Tejido epitelial
El tejido epitelial está formado por células y
escasa sustancia intercelular (o matriz
extracelular). Sus células se caracterizan por
presentar fuertes uniones intercelulares,
constituyendo una barrera, y por
especializarse en una determinada función.
Los epitelios son agrupaciones celulares que
pueden tapizar superficies corporales, los
epitelios de revestimiento, ya sea externa,
como la piel, o internas, como las cavidades
(peritoneo, pleura, pericardio) y órganos (del
tubo digestivo, respiratorio, urinario, vasos sanguíneos).
Otros epitelios, los epitelios glandulares, son agrupaciones especializadas en la función de síntesis y secreción.
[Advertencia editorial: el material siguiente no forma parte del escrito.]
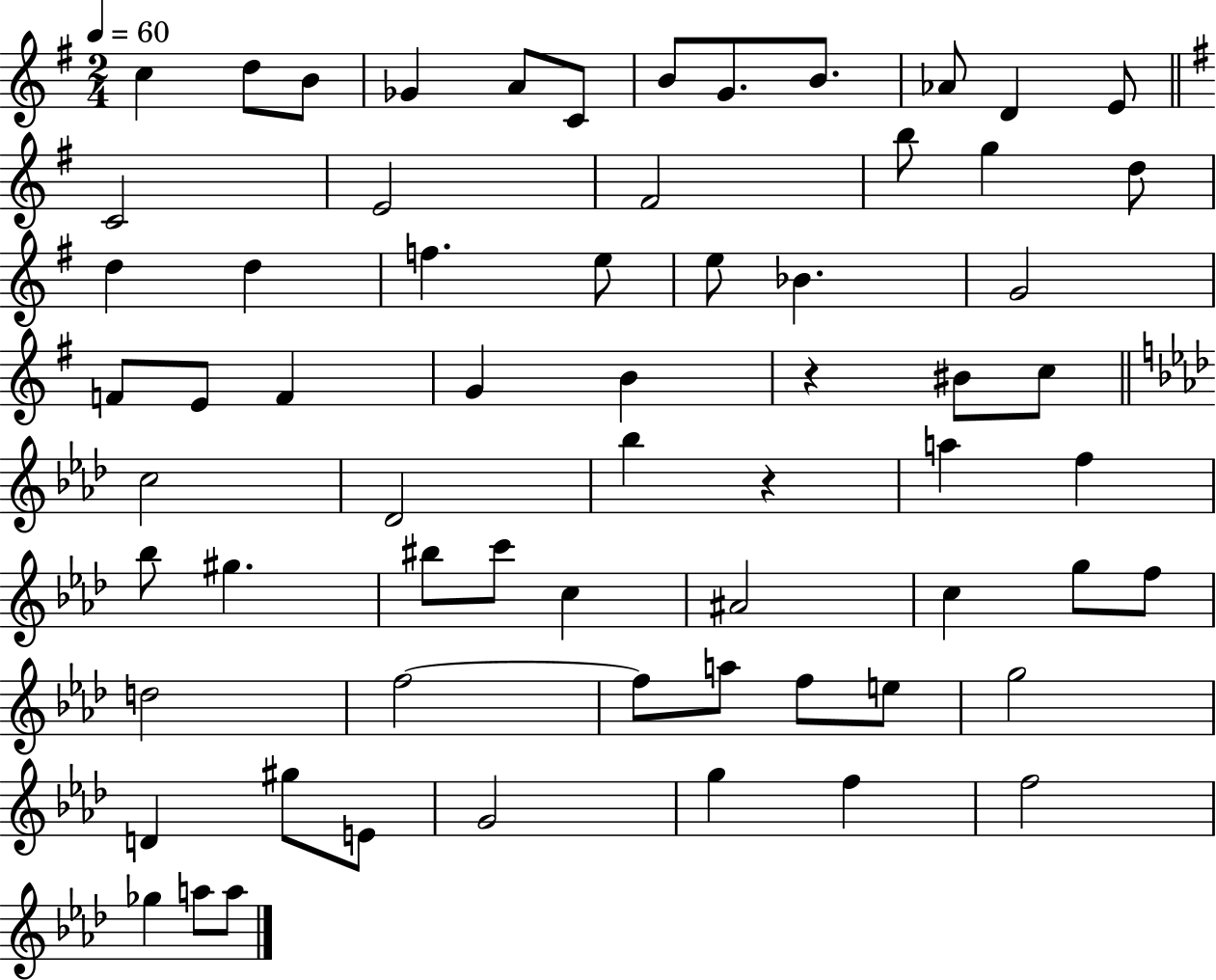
X:1
T:Untitled
M:2/4
L:1/4
K:G
c d/2 B/2 _G A/2 C/2 B/2 G/2 B/2 _A/2 D E/2 C2 E2 ^F2 b/2 g d/2 d d f e/2 e/2 _B G2 F/2 E/2 F G B z ^B/2 c/2 c2 _D2 _b z a f _b/2 ^g ^b/2 c'/2 c ^A2 c g/2 f/2 d2 f2 f/2 a/2 f/2 e/2 g2 D ^g/2 E/2 G2 g f f2 _g a/2 a/2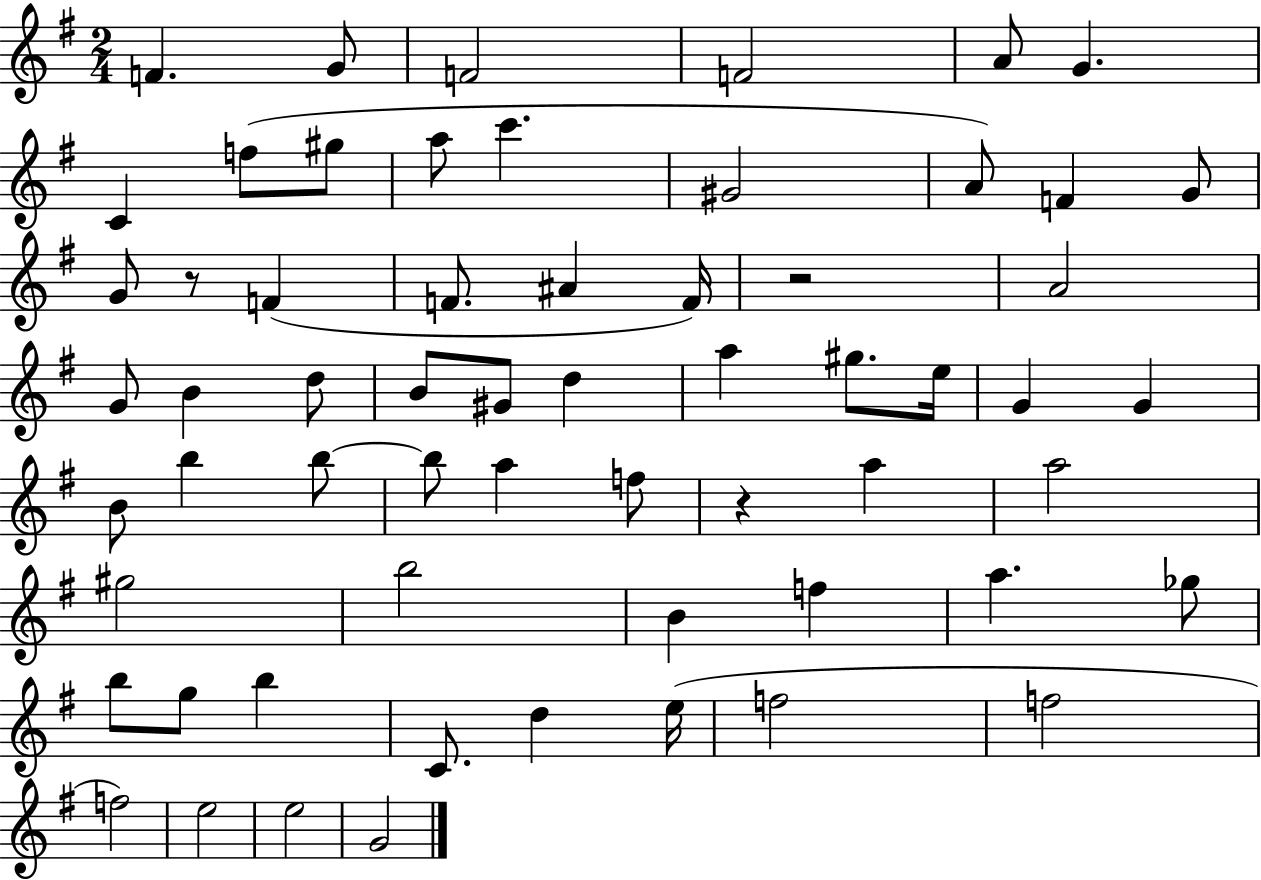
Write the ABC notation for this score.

X:1
T:Untitled
M:2/4
L:1/4
K:G
F G/2 F2 F2 A/2 G C f/2 ^g/2 a/2 c' ^G2 A/2 F G/2 G/2 z/2 F F/2 ^A F/4 z2 A2 G/2 B d/2 B/2 ^G/2 d a ^g/2 e/4 G G B/2 b b/2 b/2 a f/2 z a a2 ^g2 b2 B f a _g/2 b/2 g/2 b C/2 d e/4 f2 f2 f2 e2 e2 G2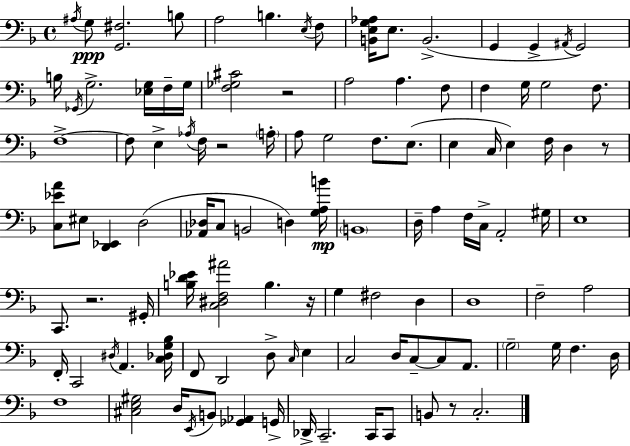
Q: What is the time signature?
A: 4/4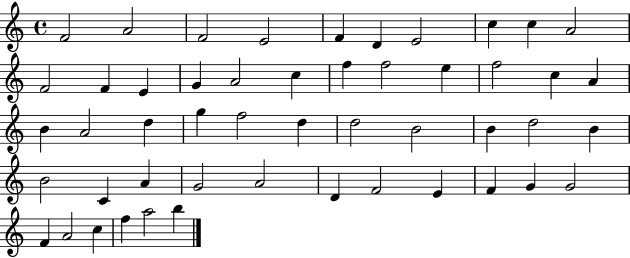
{
  \clef treble
  \time 4/4
  \defaultTimeSignature
  \key c \major
  f'2 a'2 | f'2 e'2 | f'4 d'4 e'2 | c''4 c''4 a'2 | \break f'2 f'4 e'4 | g'4 a'2 c''4 | f''4 f''2 e''4 | f''2 c''4 a'4 | \break b'4 a'2 d''4 | g''4 f''2 d''4 | d''2 b'2 | b'4 d''2 b'4 | \break b'2 c'4 a'4 | g'2 a'2 | d'4 f'2 e'4 | f'4 g'4 g'2 | \break f'4 a'2 c''4 | f''4 a''2 b''4 | \bar "|."
}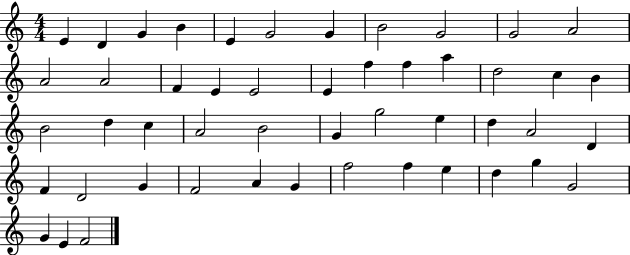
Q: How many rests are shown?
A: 0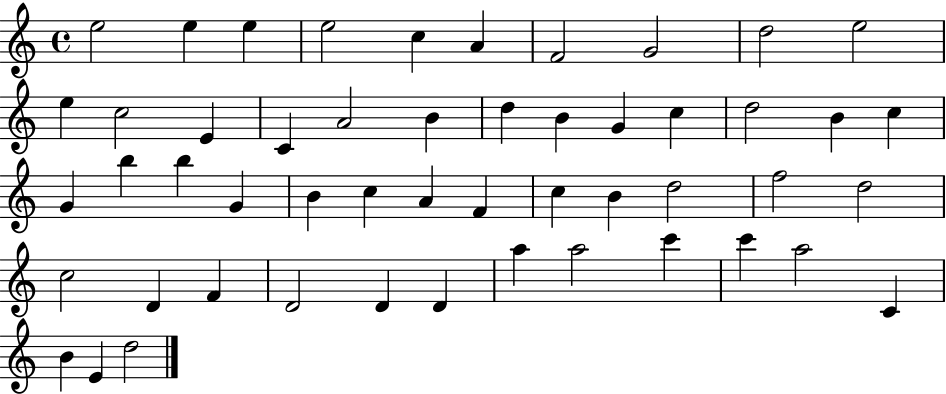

Sus células
epiteliales constituyen el parénquima de las glándulas, tanto las que realizan secreción como las que forman parte de los
conductos excretores.
Los epitelios son avasculares, es decir, carecen de vasos sanguíneos, por esta razón, se nutren del tejido conectivo (o
conjuntivo) subyacente, que constituye la membrana basal, en el caso de los epitelios de revestimiento, o del tejido
conectivo que los rodea, en el caso de las glándulas.
La membrana basal, o lámina basal, está constituida por una lámina lúcida y una lámina densa.
- La lámina lúcida tiene menos densidad eléctrica, se ubica inmediatamente por debajo de la célula.
- La lámina densa es rica en fibras de colágeno tipo IV, proteínas (fibronectina, laminina), un
proteoglucano (perlecán) se apoya sobre la matriz extracelular del tejido conectivo subyacente, que
forma la lámina reticular, rica en colágeno tipo I y III y fibras reticulares.
La membrana basal tiene como función estabilizar el epitelio, ser filtro y mantener la polaridad celular.